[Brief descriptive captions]
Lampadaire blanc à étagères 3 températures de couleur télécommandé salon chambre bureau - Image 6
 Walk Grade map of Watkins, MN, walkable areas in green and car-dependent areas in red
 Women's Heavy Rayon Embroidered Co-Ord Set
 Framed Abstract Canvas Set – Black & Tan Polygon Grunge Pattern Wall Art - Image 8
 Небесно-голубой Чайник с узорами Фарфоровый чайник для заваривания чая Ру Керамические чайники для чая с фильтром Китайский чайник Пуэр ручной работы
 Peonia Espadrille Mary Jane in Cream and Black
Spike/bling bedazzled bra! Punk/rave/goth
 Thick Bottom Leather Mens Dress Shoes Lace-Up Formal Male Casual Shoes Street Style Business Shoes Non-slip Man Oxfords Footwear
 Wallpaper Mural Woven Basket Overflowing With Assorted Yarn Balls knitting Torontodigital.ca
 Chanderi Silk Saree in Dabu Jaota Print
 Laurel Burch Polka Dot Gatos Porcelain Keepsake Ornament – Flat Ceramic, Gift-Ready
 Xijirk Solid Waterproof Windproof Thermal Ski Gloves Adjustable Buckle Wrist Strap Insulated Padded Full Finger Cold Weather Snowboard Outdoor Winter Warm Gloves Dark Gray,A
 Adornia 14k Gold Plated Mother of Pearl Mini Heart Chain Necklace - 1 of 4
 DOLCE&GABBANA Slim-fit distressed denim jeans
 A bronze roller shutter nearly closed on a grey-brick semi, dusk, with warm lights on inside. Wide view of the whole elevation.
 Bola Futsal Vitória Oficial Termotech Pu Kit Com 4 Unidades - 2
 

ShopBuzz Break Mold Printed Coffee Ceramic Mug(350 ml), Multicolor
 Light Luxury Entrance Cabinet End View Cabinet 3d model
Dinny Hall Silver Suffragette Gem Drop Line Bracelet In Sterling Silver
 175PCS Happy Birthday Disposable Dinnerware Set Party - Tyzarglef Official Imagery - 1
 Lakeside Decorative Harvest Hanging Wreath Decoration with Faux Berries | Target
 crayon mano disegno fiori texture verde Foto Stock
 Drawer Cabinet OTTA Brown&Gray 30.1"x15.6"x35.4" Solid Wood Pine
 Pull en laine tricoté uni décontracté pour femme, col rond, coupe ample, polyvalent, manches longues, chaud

:: Task details ::
Lines with "Solid" in them are what the answer must contain; copy each from the records above.

:: Answer for the task ::
 Xijirk Solid Waterproof Windproof Thermal Ski Gloves Adjustable Buckle Wrist Strap Insulated Padded Full Finger Cold Weather Snowboard Outdoor Winter Warm Gloves Dark Gray,A
 Drawer Cabinet OTTA Brown&Gray 30.1"x15.6"x35.4" Solid Wood Pine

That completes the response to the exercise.